BEGIN Data listing
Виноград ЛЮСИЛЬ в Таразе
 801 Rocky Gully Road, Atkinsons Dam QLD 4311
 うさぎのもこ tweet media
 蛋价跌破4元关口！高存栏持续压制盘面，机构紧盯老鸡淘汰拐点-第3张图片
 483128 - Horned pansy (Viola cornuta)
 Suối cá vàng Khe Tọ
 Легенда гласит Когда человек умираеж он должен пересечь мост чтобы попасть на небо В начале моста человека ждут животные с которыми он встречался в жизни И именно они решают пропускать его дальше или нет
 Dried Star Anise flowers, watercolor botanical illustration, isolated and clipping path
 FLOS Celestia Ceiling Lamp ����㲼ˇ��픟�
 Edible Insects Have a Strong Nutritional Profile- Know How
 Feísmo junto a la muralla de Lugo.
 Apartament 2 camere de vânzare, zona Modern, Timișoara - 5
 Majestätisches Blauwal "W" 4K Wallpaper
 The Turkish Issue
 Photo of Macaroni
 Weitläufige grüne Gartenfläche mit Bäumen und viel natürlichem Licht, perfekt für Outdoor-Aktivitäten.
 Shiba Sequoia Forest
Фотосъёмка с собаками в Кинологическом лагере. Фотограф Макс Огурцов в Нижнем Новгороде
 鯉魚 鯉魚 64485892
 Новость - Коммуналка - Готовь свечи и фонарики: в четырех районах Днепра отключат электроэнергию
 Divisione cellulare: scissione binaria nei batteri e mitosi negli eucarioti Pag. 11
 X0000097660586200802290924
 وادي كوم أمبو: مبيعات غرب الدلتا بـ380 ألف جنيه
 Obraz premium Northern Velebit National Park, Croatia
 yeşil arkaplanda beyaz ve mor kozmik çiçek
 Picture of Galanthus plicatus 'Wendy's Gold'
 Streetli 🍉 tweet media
END Data listing
- What you need to do: Go through the listing above and write out exactly the lines starting with the one holding "FLOS Celestia Ceiling Lamp ����㲼ˇ��픟�" and running through the one holding "Shiba Sequoia Forest", ends included, and no others.

- Answer to this task:
 FLOS Celestia Ceiling Lamp ����㲼ˇ��픟�
 Edible Insects Have a Strong Nutritional Profile- Know How
 Feísmo junto a la muralla de Lugo.
 Apartament 2 camere de vânzare, zona Modern, Timișoara - 5
 Majestätisches Blauwal "W" 4K Wallpaper
 The Turkish Issue
 Photo of Macaroni
 Weitläufige grüne Gartenfläche mit Bäumen und viel natürlichem Licht, perfekt für Outdoor-Aktivitäten.
 Shiba Sequoia Forest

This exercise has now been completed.